◆ **WORK INSTRUCTIONS**
Show all lines of the entries in which the word "Gold" is found.

Segment Start: DATA SUPPLIED

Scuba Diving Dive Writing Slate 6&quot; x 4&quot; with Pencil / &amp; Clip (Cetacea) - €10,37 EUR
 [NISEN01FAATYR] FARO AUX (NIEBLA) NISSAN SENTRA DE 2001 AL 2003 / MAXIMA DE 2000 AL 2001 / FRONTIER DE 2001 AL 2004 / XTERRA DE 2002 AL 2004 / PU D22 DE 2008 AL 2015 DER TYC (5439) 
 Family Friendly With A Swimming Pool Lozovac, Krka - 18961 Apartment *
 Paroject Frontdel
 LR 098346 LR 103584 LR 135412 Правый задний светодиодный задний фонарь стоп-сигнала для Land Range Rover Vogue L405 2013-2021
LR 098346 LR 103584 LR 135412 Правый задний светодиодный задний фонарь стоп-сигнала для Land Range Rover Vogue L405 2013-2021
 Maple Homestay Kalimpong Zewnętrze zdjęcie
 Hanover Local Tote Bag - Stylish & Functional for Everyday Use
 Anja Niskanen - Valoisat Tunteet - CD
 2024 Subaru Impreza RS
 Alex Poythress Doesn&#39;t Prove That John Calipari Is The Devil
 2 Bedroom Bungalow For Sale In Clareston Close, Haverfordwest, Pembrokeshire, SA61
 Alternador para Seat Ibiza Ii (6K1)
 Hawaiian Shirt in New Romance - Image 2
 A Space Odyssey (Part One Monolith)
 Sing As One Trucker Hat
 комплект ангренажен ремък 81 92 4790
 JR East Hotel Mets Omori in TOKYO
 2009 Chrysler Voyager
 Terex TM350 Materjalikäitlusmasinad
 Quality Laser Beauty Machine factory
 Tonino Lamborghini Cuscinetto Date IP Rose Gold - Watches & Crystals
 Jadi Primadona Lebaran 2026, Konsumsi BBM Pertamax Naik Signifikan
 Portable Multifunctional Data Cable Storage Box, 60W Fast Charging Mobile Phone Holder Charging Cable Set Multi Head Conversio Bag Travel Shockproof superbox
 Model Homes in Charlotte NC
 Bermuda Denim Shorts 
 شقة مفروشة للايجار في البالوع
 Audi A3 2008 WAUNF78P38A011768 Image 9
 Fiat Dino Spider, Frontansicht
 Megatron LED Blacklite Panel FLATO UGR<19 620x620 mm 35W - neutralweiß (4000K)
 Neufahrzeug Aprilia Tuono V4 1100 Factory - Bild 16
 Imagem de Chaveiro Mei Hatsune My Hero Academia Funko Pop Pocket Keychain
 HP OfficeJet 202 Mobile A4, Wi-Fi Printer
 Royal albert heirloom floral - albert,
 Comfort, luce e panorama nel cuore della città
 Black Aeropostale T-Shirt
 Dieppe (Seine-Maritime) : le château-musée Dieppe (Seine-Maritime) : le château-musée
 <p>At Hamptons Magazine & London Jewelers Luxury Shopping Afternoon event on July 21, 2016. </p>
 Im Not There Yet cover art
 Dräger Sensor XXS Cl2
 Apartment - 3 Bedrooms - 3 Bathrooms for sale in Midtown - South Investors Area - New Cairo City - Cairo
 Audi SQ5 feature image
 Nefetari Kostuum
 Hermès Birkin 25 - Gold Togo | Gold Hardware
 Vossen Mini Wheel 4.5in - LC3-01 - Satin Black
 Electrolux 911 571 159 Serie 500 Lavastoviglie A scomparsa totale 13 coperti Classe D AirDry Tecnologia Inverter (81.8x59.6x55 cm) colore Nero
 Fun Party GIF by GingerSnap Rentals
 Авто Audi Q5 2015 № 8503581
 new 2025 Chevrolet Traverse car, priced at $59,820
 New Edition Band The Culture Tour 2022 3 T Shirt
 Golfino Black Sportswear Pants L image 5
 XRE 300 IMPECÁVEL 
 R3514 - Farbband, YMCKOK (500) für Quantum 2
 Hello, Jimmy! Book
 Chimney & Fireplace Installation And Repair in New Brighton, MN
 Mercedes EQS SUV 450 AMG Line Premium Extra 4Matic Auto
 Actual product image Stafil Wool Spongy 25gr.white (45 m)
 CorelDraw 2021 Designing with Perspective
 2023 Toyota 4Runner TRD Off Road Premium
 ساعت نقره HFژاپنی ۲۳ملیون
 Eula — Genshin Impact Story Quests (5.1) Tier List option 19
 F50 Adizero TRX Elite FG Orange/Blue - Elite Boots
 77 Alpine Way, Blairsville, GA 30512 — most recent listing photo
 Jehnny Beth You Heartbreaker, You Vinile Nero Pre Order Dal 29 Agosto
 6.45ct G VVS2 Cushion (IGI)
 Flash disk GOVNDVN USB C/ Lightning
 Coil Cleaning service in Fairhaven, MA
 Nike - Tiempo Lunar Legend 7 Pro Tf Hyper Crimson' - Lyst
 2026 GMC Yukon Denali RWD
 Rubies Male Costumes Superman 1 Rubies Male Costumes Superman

Segment End: DATA SUPPLIED

◆ **WRITTEN REPLY**
 Tonino Lamborghini Cuscinetto Date IP Rose Gold - Watches & Crystals
 Hermès Birkin 25 - Gold Togo | Gold Hardware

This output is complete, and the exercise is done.